Overall, the scheme allowed us to take advantage of an independent review, to confirm that the benefits of the initiatives were bearing the desired outcomes -–overall reduction in CO2 emissions and operational mileage.’

Goodwin says the EST feels that those opting for the Green Review will be the prime candidates for Motorvate, and as a result it has a similar feel. Specialist fleet consultancy is offered to help design initiatives towards carbon reduction, while audits will monitor improvements.

A networking structure will put fleets of similar types together to share information and best practice, while the annual awards ceremony will hand out gold, silver or bronze awards to those saving emissions of 5%, 10% or 15% year-on-year. The awards can also be used as evidence in support of ISO 140001 and BITC Environmental Index accreditation.

‘Running an efficient vehicle fleet can bring benefits such as fuel and insurance savings, reduced road risk and community and customer recognition,’ Goodwin says. ‘Organisations that join Motorvate can expect to see these benefits enhanced, leading to greater efficiency and productivity.’

A scheme that recognises and rewards green progress can only be a good thing. But for the all-new Motorvate programme, creating awareness within fleets is vital if the EST’s hopes of a greener industry are to be fulfilled and mistakes of the past avoided.

  • Businesses interested in the Green Review or in joining Motorvate can find out more from www.est.org.uk/fleet or by contacting the transport helpline on 0845 602 1425.

    Motorvate facts

  • New and improved.
  • £500 administration fee, then DfT funded.
  • Fleet consultancy on strategy and policy.
  • Audit to monitor improvements.
  • Networking opportunities to share best practice.
  • Annual awards event to recognise achievement.

    First step: get your Green Fleet Review

    changing to a greener fleet doesn’t happen overnight – it takes work, and can be a daunting task. Where to start? What to look for? If only there was a way of getting an expert in to run you through the best way to do it.

    Good news – there is such a service and, what’s more, it’s completely free.
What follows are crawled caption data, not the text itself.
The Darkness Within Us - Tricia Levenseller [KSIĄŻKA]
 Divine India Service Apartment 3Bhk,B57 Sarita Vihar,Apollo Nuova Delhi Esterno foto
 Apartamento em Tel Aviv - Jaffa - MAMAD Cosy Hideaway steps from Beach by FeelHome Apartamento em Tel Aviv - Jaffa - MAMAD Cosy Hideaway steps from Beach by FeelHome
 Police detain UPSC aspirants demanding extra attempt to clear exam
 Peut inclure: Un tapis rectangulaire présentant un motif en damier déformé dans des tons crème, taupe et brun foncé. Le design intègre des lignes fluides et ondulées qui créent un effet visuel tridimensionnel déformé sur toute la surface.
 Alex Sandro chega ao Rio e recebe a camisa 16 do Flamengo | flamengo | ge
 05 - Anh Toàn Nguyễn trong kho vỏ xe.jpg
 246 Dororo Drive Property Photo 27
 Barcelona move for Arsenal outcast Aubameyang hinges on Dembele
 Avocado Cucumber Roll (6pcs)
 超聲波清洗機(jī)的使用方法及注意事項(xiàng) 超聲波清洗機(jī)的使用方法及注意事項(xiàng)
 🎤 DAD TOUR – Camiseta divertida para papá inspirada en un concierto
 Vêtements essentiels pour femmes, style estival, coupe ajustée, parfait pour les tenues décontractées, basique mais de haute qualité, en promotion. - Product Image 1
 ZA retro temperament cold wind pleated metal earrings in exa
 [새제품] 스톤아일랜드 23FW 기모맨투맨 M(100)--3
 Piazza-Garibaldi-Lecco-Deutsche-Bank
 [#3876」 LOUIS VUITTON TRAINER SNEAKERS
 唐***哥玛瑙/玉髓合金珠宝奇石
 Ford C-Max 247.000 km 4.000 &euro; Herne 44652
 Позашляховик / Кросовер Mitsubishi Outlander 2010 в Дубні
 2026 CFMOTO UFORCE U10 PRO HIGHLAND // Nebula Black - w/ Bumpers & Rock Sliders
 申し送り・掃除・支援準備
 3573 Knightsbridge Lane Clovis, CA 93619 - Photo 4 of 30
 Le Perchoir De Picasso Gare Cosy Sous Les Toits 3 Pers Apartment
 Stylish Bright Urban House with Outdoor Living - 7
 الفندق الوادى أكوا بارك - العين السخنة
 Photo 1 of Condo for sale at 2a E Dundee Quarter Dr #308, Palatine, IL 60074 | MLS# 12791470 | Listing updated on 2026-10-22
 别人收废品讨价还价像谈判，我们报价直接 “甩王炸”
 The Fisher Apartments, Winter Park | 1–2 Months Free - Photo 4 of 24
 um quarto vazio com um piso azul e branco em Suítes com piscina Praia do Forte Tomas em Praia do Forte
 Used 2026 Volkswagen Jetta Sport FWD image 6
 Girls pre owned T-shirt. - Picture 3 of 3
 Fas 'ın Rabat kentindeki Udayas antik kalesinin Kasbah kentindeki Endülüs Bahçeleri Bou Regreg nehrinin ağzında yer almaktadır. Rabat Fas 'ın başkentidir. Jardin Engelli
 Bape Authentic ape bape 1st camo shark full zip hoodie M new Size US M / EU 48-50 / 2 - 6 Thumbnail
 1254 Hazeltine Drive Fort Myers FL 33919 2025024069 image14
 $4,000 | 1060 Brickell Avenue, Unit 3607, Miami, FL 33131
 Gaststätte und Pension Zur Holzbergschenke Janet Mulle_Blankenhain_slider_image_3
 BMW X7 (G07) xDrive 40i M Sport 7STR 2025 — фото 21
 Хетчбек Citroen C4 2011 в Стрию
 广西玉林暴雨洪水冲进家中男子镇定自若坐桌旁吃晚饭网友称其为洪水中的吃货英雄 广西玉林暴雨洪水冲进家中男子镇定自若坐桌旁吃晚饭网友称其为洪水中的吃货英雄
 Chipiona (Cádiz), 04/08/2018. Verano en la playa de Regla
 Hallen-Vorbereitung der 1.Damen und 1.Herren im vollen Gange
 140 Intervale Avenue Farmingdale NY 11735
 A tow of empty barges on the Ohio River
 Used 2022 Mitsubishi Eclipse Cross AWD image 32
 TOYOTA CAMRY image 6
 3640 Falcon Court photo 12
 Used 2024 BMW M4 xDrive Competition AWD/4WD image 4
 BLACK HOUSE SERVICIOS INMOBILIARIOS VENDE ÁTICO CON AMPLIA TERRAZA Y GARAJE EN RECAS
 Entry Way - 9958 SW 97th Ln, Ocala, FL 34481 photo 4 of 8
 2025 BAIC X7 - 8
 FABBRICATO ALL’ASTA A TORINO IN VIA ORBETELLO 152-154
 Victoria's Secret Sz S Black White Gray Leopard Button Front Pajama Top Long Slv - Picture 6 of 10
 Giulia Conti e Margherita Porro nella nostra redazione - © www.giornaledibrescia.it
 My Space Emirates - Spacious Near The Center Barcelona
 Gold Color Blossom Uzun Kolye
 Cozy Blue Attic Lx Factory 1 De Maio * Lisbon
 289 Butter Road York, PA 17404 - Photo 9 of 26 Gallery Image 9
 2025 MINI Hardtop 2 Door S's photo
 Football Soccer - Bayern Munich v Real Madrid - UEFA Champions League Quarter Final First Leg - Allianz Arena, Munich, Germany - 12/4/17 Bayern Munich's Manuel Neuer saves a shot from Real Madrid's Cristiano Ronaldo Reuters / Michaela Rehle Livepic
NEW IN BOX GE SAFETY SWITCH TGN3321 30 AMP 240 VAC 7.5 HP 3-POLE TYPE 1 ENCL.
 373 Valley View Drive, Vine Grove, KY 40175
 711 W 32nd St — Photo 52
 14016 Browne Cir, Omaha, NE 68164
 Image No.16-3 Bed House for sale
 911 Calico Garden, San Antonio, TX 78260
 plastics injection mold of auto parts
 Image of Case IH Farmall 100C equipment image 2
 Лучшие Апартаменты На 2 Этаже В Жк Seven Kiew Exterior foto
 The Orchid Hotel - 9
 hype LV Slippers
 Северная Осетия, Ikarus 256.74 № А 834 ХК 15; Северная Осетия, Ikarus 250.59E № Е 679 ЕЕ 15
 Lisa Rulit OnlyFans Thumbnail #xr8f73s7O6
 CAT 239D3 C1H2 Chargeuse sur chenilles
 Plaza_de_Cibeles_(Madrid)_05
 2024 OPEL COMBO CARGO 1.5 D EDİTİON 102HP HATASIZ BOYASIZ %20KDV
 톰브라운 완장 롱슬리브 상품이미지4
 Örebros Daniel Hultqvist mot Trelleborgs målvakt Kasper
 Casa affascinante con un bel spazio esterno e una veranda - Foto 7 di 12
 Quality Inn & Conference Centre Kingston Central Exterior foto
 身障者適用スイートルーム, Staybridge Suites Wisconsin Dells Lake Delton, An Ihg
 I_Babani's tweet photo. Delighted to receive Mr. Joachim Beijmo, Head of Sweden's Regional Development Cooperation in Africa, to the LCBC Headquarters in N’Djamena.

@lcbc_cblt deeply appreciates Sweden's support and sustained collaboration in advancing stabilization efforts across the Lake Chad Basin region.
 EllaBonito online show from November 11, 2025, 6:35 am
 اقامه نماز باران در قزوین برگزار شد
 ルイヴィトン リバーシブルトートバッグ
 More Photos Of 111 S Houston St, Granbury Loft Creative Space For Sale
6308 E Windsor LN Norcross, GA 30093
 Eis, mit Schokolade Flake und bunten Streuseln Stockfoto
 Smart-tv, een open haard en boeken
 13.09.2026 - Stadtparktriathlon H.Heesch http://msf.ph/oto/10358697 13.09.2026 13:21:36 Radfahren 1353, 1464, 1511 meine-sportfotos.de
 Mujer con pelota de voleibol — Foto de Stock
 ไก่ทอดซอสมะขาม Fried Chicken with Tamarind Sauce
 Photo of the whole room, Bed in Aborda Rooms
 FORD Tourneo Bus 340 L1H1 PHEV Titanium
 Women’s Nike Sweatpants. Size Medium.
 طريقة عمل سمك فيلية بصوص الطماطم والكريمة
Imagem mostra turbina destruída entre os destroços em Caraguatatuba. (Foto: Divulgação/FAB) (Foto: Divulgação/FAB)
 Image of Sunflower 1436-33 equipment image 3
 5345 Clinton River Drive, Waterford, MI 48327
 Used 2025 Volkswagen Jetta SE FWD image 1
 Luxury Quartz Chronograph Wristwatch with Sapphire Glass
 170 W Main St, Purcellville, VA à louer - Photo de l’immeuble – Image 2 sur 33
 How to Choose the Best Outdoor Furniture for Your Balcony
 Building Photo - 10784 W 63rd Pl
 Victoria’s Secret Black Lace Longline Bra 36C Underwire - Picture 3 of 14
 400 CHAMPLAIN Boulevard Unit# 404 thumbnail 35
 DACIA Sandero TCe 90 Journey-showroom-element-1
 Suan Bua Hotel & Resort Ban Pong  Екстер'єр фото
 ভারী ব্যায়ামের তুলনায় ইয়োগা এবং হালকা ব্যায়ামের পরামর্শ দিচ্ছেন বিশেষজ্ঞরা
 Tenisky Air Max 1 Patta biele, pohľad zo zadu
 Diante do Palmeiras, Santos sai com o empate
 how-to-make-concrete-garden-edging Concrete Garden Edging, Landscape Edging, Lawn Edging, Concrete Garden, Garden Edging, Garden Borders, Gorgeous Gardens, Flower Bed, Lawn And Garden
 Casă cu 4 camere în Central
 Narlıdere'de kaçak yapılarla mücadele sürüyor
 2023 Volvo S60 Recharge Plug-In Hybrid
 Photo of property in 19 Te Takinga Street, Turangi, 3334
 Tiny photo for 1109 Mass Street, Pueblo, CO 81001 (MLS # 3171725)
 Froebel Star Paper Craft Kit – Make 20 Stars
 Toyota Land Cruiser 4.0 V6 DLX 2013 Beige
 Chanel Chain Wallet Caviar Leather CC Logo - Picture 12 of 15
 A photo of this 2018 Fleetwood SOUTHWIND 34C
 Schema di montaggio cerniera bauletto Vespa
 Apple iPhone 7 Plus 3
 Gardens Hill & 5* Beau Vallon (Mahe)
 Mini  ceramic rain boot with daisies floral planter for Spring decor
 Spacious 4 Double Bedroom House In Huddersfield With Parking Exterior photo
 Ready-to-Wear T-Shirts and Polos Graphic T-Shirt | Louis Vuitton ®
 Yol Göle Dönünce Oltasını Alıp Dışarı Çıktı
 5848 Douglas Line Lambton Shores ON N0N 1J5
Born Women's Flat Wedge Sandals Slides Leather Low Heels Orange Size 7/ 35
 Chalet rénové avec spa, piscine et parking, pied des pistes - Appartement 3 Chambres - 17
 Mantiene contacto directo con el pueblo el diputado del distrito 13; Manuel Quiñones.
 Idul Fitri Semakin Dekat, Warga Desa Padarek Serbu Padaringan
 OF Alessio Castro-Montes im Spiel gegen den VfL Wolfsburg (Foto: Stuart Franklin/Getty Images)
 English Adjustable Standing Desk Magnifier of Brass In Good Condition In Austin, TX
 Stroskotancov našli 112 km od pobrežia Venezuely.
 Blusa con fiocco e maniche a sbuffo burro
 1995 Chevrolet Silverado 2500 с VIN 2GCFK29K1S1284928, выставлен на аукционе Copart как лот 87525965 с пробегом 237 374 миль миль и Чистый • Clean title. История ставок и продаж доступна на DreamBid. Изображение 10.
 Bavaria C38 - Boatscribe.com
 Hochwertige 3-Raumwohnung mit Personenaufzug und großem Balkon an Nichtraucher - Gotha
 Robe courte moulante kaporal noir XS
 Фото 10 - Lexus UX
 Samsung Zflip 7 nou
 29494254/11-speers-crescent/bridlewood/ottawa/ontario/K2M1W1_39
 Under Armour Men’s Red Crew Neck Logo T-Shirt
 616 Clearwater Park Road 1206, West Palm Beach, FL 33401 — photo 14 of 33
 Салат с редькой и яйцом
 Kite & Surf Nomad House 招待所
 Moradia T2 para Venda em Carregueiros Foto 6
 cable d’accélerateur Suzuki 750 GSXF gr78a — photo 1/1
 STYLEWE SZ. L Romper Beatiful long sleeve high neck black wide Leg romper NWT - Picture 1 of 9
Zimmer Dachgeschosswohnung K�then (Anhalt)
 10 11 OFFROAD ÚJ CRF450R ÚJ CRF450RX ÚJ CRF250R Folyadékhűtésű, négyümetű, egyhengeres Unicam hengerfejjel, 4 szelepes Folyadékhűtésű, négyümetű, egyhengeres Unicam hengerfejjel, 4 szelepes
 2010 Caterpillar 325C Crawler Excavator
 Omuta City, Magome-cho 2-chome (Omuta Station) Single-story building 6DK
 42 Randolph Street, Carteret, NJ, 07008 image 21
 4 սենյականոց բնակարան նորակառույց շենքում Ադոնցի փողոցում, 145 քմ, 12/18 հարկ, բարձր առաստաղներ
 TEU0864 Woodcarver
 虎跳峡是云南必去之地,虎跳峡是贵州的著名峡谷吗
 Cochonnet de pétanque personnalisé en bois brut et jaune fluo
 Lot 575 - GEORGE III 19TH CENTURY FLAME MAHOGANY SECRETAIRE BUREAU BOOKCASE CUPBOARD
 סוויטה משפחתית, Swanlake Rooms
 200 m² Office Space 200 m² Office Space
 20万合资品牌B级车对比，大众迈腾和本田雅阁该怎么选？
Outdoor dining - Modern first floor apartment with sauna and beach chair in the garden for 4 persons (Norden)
Thanks to funding from the Department for Transport, the EST can offer fleets of 50 or more vehicles the free services of an independent fleet consultant for up to five days.

    Officially the Green Fleet Review is funded and designed to reduce emissions but, according to the EST’s Alex Goodwin, it invariably leads to sizeable financial savings as well.

    ‘If people followed the recommendations we would expect them to cut their CO2 emissions by an average of about 15%, and a fleet with 100 cars and 100 grey fleet vehicles could save £90,000 a year. That’s the best-case scenario, but it’s not unrealistic.’

    Fleets interested in a review are visited by key account managers from the EST, who match up the firm with one of the 13 independent fleet consultants involved in the scheme.

    The fleet managers sit down with the consultant to collate data on areas of fleet operation from vehicle allocation, alternative fuels and fuel economy to mileage reimbursement policy.

    ‘Quite often, mileage reimbursement is very generous,’ Mr Goodwin says. ‘We see cases of people driving around the block because they’re earning money for every mile they do. It’s never an easy thing to do if you’re talking about reducing the pence-per-mile so we work to try to come up with the right way of communicating it.’

    Other areas tackled include driver education and the latest technology – such as telematics – available to fleets.

    Health and safety is a big issue for fleet managers and Mr Goodwin says it goes hand in hand with the environmental agenda.

    Grey fleets – staff using their own cars on business – are also addressed: ‘It’s more cost effective to use daily rental or something else like that,’ Mr Goodwin says.

    The turnaround time from initial consultation is around a month. After gathering data, the consultant puts together a report on a fleet’s carbon footprint and delivers a set of prioritised recommendations for reducing emissions and improving efficiency.

    Organisations that have already undergone a green review include Center Parcs, Carlsberg, EDF, Tesco and several police forces.